With the rise of data-driven marketing, A/B testing (AKA ‘split testing’) is a hot topic in the digital marketing space. In simple terms, split testing refers to the process of testing one piece of web content against another similar piece of content to reach the same goal. The piece of content that reaches (or comes closest to reaching) the goal in mind will inform future content.
For example, you might A/B test an email marketing campaign by sending the same email to all customers, but modifying part of the email’s subject line for half of the recipients. To stay efficient, it helps to lay out your A/B test beforehand:
What is the goal? More email newsletter opens
What are you testing? Two email subject lines
What is the desired outcome? increase in email open rate for one subject line
You can set any goal you like, as long as it's measurable. A few examples of goals to achieve through an A/B test are: generate more leads through a contact form; increase conversion rates on a certain product page, or simply keep website visitors on a specific page for longer.

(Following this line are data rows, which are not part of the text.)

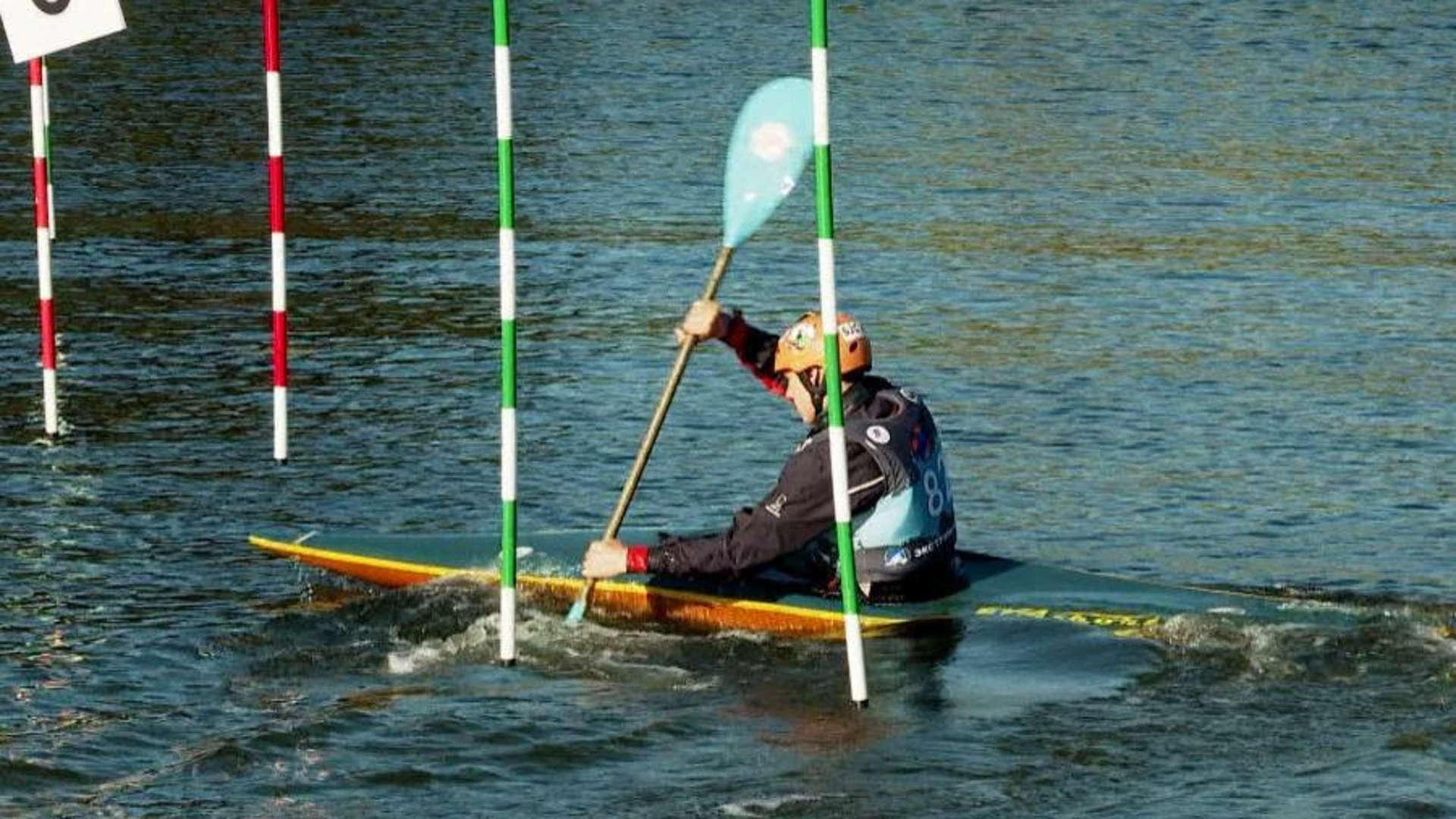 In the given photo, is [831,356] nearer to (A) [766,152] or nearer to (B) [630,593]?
(A) [766,152]

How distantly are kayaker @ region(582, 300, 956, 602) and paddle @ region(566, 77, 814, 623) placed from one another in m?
0.20

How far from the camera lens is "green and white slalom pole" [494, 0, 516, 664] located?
27.3 feet

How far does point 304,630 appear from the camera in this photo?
31.3ft

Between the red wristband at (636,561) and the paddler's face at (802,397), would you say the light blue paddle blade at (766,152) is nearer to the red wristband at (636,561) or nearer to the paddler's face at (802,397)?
the paddler's face at (802,397)

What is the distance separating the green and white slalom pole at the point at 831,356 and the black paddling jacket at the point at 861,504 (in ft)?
1.70

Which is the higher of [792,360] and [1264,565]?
[792,360]

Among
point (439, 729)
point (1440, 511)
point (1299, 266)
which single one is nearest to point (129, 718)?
point (439, 729)

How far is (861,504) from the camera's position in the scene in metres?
9.12

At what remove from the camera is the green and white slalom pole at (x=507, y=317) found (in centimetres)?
832

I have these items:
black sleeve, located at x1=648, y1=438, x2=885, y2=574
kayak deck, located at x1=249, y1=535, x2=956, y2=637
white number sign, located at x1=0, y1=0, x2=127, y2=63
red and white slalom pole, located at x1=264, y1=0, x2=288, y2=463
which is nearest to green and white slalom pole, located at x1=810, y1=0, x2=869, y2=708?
black sleeve, located at x1=648, y1=438, x2=885, y2=574

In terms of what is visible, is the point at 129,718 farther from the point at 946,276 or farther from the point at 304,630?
the point at 946,276

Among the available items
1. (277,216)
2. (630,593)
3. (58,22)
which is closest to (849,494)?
(630,593)

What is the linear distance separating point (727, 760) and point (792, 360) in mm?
1644

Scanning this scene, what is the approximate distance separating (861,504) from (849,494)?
0.24 m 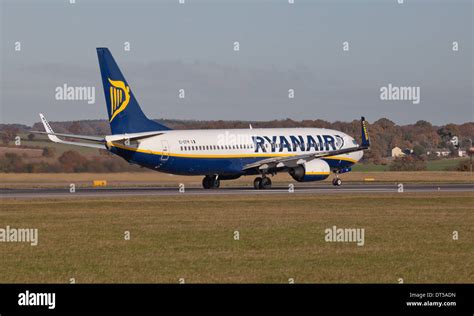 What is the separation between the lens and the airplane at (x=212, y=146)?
65062 mm

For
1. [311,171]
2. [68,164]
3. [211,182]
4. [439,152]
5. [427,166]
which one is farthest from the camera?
[439,152]

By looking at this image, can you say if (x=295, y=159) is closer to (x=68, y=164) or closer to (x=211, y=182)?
(x=211, y=182)

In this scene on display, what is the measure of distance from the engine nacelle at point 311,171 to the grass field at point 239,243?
1581 centimetres

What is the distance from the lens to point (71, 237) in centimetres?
3438

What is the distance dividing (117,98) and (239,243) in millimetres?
34615

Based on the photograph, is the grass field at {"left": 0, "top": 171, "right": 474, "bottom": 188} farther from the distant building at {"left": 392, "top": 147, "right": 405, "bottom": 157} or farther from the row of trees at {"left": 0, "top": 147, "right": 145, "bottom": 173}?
the distant building at {"left": 392, "top": 147, "right": 405, "bottom": 157}

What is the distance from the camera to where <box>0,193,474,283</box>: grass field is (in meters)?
25.3

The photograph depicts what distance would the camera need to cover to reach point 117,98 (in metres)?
65.1

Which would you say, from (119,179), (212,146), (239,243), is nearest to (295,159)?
(212,146)

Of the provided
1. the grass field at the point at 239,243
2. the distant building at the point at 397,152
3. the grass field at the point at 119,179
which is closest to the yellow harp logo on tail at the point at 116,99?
the grass field at the point at 119,179

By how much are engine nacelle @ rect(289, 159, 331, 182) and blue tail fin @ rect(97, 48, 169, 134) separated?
1199 cm

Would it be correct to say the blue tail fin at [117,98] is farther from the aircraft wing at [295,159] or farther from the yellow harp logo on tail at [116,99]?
the aircraft wing at [295,159]

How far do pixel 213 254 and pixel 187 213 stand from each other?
16132 mm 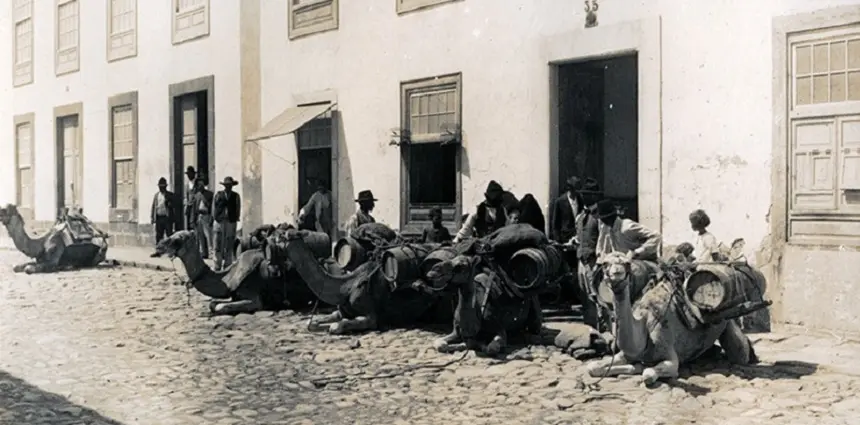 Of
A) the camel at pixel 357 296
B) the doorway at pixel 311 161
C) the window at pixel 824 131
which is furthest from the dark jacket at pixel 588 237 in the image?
the doorway at pixel 311 161

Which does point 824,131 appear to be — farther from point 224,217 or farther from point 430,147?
point 224,217

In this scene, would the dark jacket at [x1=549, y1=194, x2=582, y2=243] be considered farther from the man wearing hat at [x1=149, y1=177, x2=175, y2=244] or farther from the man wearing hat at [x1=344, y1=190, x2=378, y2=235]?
the man wearing hat at [x1=149, y1=177, x2=175, y2=244]

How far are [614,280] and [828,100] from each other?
3.86 m

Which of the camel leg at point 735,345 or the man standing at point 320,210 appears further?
the man standing at point 320,210

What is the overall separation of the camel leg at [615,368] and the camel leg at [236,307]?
17.5 feet

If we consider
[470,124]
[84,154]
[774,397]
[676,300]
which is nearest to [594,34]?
[470,124]

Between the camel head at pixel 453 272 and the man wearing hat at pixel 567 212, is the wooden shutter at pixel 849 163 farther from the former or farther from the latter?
the camel head at pixel 453 272

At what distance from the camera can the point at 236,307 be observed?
37.2ft

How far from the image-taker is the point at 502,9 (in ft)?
41.0

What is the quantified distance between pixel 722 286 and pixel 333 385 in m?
3.39

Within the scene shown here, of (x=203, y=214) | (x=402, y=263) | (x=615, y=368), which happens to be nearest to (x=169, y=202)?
(x=203, y=214)

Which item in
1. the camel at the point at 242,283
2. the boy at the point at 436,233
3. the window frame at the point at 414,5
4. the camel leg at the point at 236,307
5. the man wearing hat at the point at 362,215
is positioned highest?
the window frame at the point at 414,5

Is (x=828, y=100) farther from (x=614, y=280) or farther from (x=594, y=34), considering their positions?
(x=614, y=280)

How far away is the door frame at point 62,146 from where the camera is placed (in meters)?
18.2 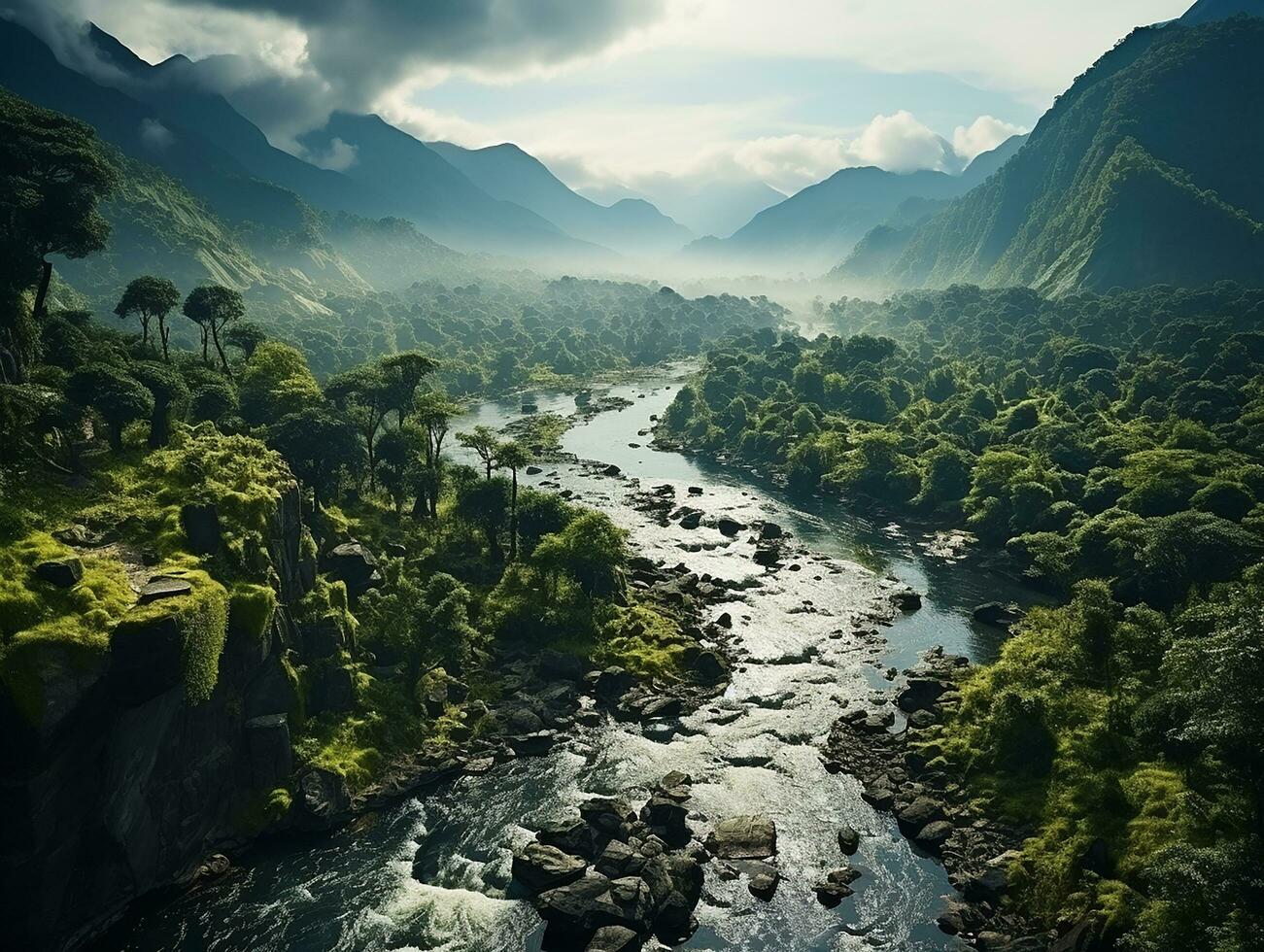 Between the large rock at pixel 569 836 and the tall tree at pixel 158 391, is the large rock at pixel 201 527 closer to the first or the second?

The outcomes of your goals can be influenced by any number of factors – for better or for worse. But that's where A/B testing comes in. It is the most effective way to break down a whole web page into different, much smaller parts.
This is why split testing is ideal for determining which elements specifically impact the performance of your web pages, whether positively or negatively, and optimizing accordingly.
A/B Testing Basics
Let’s say you wrote great web content for a product you sell online. What makes it great? And how do you know it's great if you've never tested it?
It's my most visited web page! I look at Google analytics all the time!
Both important points. But unfortunately, website traffic does not mean you have good content or optimal design, and Google analytics is far too broad to measure something as specific as page effectiveness.
However, since your website contains a number of elements that can be edited, it's perfect for A/B testing. I took a couple screenshots of Hudson’s Inbound Marketing page to show you some elements our digital marketing team has tested, but in general you’ll want to look at:
Headline – words which attract attention and summarize the page
Sub Headline – the sentence(s) used to speak to your target audience
Hook – the story you tell to pull the reader into your brand
Body – the facts, features and benefits of your product or service
Call to Action – the words that entice the reader to take action
You can also A/B test visual elements
Header image – colors, style, layout can all influence reader response
Buttons – size, shape and position can increase (or decrease) click through rate
Additional images/icons – design, color and content all impact engagement
Additional website elements you can A/B test
Font – is the font easy to read? Is it brand-consistent?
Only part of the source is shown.